ML in R - The mlr3verse

So far, we have used different packages to train different models (e.g., rpart, ranger), mlr3 provides an ecosystem with wrapper functions for the most common algorithms

It also facilitates:

- resampling (inner and outer resampling strategy) and performance evaluation
- data pre-processing through graph-learners (i.e., creating a data analysis pipeline)
- hyperparameter tuning with state-of-the-art tuning schemes
(model-based optimization, iterative racing, etc.)
- model comparisons via benchmarking
- the implementation of cost-sensitive learning (e.g., Sterner, Pargent, & Goretzko, 2023)
- model stacking
- interpretable machine learning
- visualization

ML Benchmarks in mlr3

Create a task (i.e., what should be predicted and which data is used):

# here classification task
task <- TaskClassif$new(id = "ID",
  backend = data, # data set
  target = "Outcome", 
  positive = "Positive Class") # only in binary classification task

Define resampling scheme (inner and outer resampling), e.g.,:

# define resampling using pre-specified resampling concepts such as RCV and CV
res_outer <- rsmp("repeated_cv", repeats = 3, folds = 5)
res_inner <- rsmp("cv", folds = 5)

ML Benchmarks in mlr3

Define tuning, if necessary:

# define tuning, e.g., using random search with 1000 iterations
terminator <- trm("evals", n_evals = 1000)
tuner <- tnr("random_search")

Define performance measure for inner resampling, i.e., that is used to select hyperparemeter settings

# define inner performance measure, e.g., accuracy
mes_acc <- msr("classif.acc")

ML Benchmarks in mlr3

Define algorithms (mlr3: learners) that should be tested:

# define learners, use featureless learner as baseline;
# here: classical logistic regression (simple model), random forest ("ranger")
# and xgboost
baseline <- lrn("classif.featureless",  predict_type = "prob")
logreg <- lrn("classif.log_reg", predict_type = "prob")
ranger <- lrn("classif.ranger", predict_type = "prob")
xgboost <- lrn("classif.xgboost", predict_type = "prob")

ML Benchmarks in mlr3

Define hyperparameters that should be tuned and create modeling pipeline for learners whose hyperparameters need tuning:

# Example: xgboost for which two hyperparameters are tuned:
param_set_xgb <- ps(
  nrounds = p_int(lower = 1, upper = 500),
  eta = p_dbl(lower = 0.001, upper = 0.01))

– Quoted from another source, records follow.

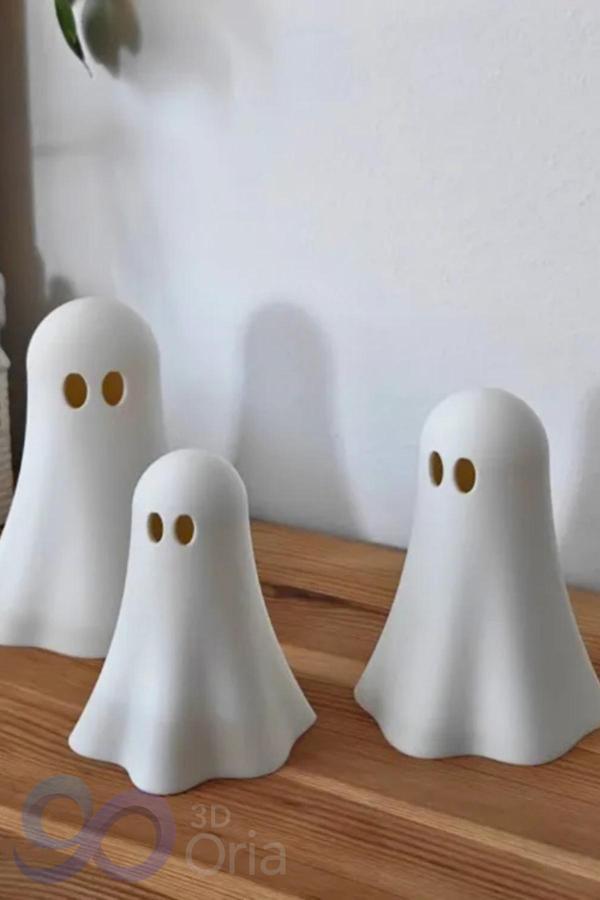 3DOria Kusursuz Tasarım Ghost Tealıght & Özel Tasarım Hayalet Işıklı 3'Lü Takım - Image 1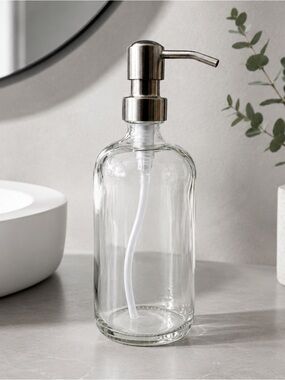 16 OZ. GLASS SOAP DISPENSER W/ METAL PUMP (CLEAR GLASS/SILVER PUMP)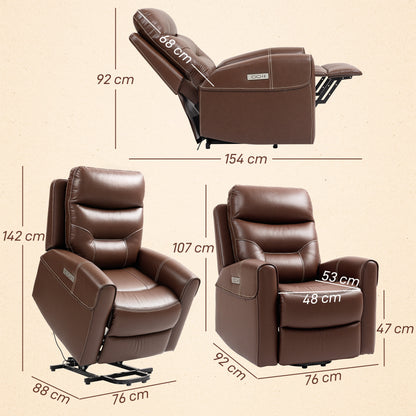 Overstuffed Riser and Reclining Chair with USB Ports, Remote, Brown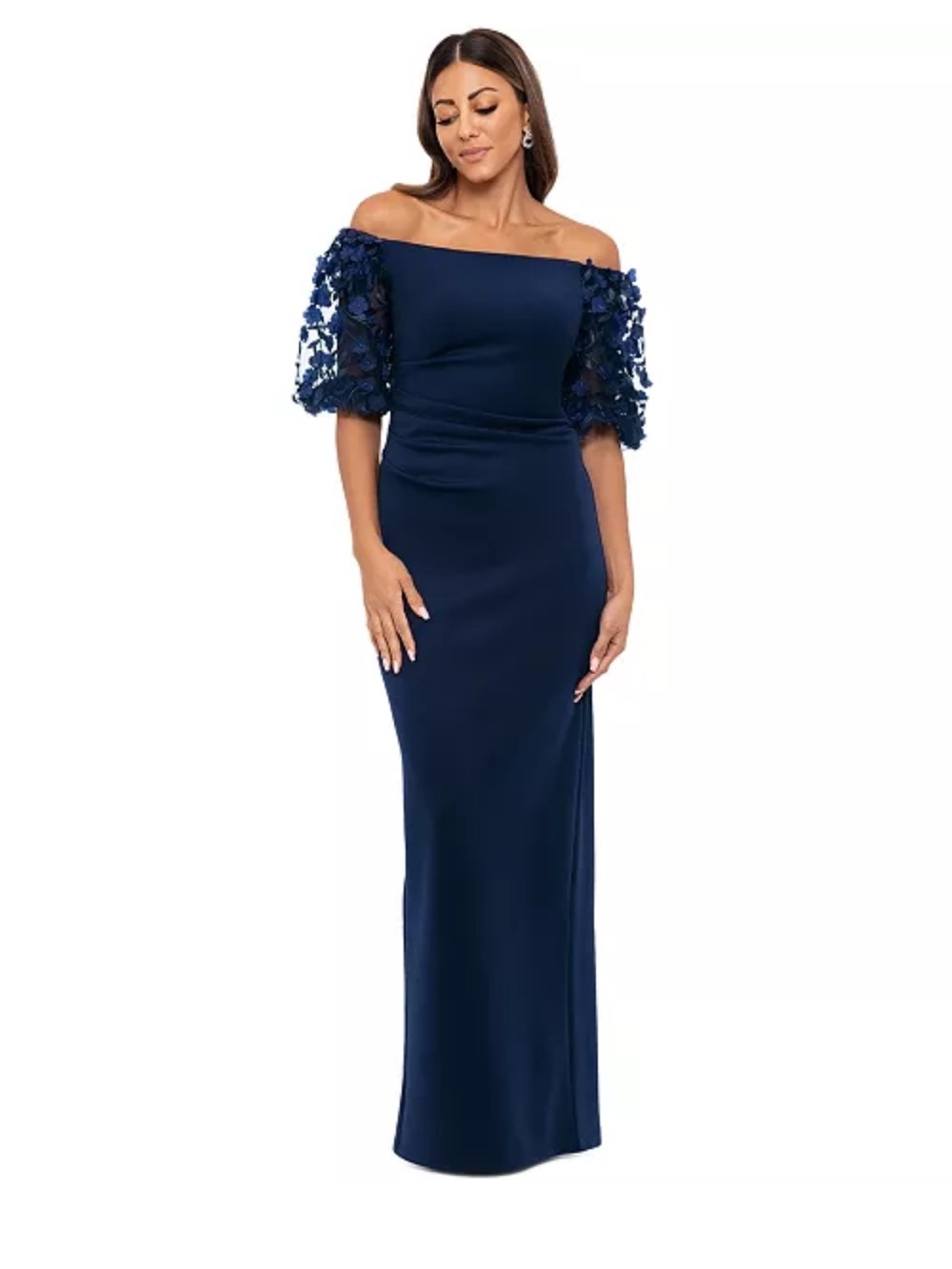 Xscape Navy Off-Shoulder Maxi Gown with Floral Puff Sleeves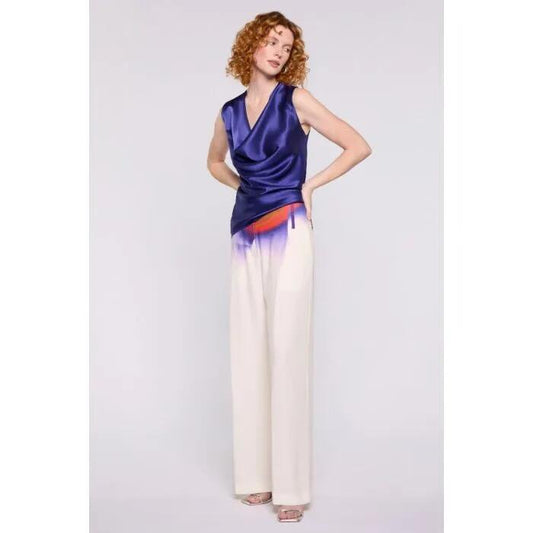 Image of a model wearing Tops. Productname: Satellite Tank in Purple colour by brand - sass and bide
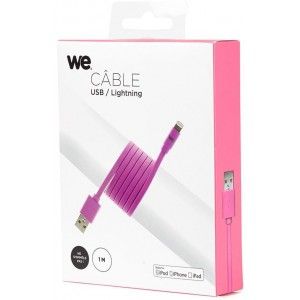 WE Flat USB/Lightning Cable - Fuchsia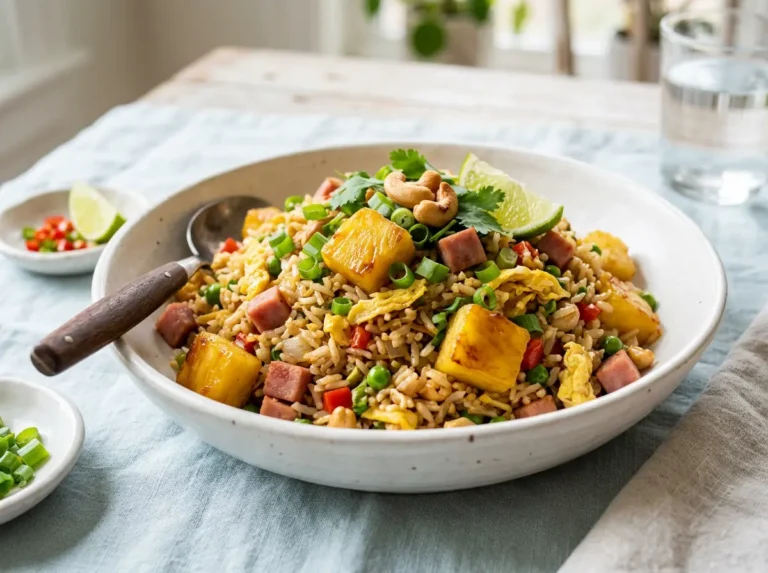 Arroz frito con piña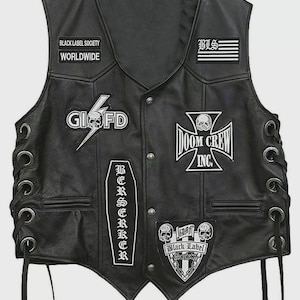 Zakk Wylde Black Label Society Biker PU Leather Vest Jacket BLS Patches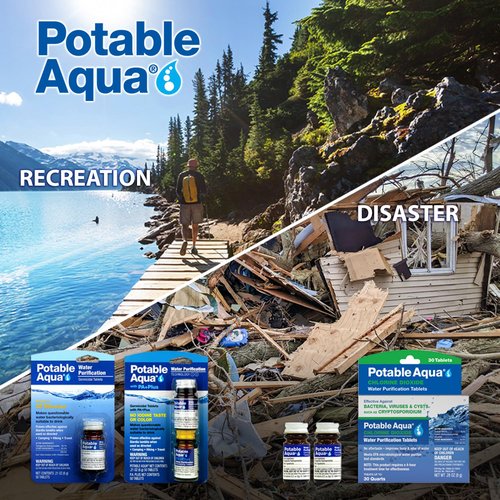 Gas One GS-3400P Dual Fuel Camping Stove and Potable Aqua Water Purification Tablets 50ct 2 Pack Emergency Preparedness Kit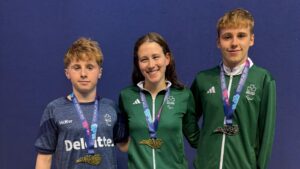 Luke O'Donoghue, Róisín Ní Ríain, and Luke Brennan at the 2025 International German Championships (IDM Berlin), Credit: Paralympics Ireland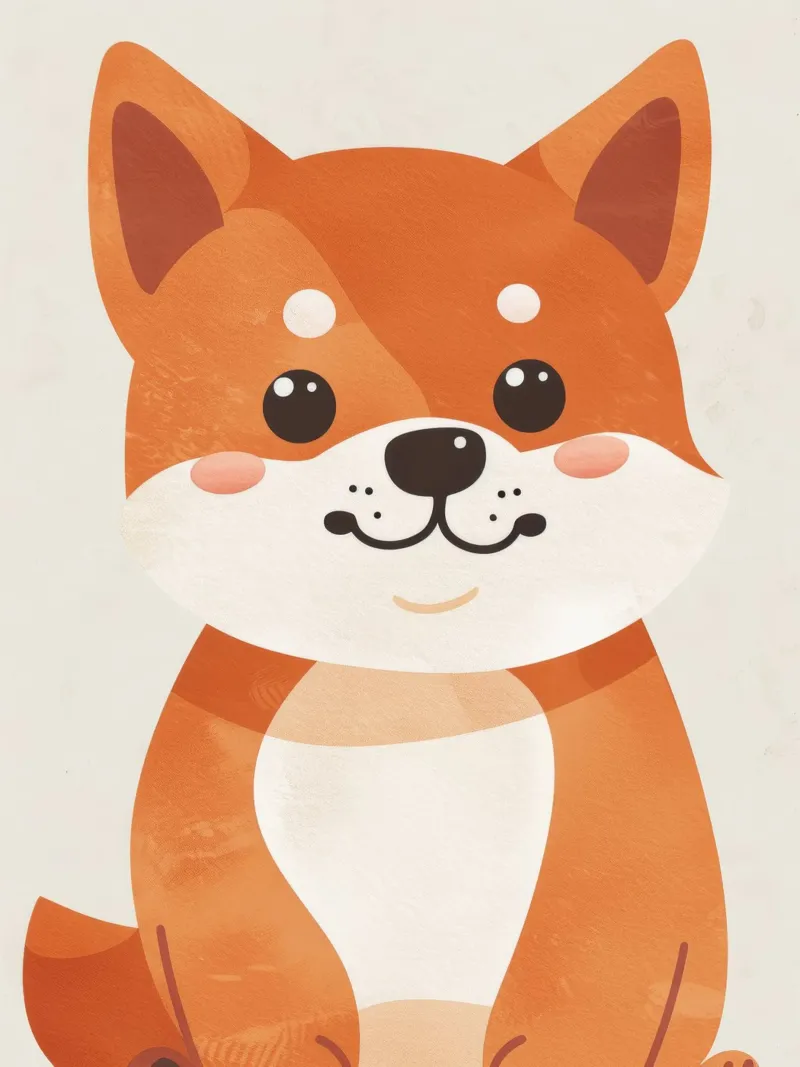 Allegro Shiba Inu dagli occhi luminosi e dal sorriso affascinante carta hahnemühle da DesignDoodle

xgb_tuned <- AutoTuner$new(
  learner = xgboost, # basic xgboost learner (see above)
  resampling = res_inner, # inner resampling to evaluate different param sets
  measure = mes_acc, # performance measure to select parameters (see above)
  search_space = param_set_xgb, # parameter range that is tested
  terminator = terminator, # termination criterion
  tuner = tuner) # tuning scheme (here: random search)
# new id to find model in output 
# (necessary if multiple xgbs with different tuning schemes are evaluated) 
xgb_tuned$id <- "classif.xgboost.tuned"

ML Benchmarks in mlr3

Set up benchmark grid with all learners and tasks (here only one task, but theoretically you could benchmark different algorithms using different task which would be a benchmark experiment that rather focuses on the methodological differences of the algorithms and tested pipelines than the specific tasks)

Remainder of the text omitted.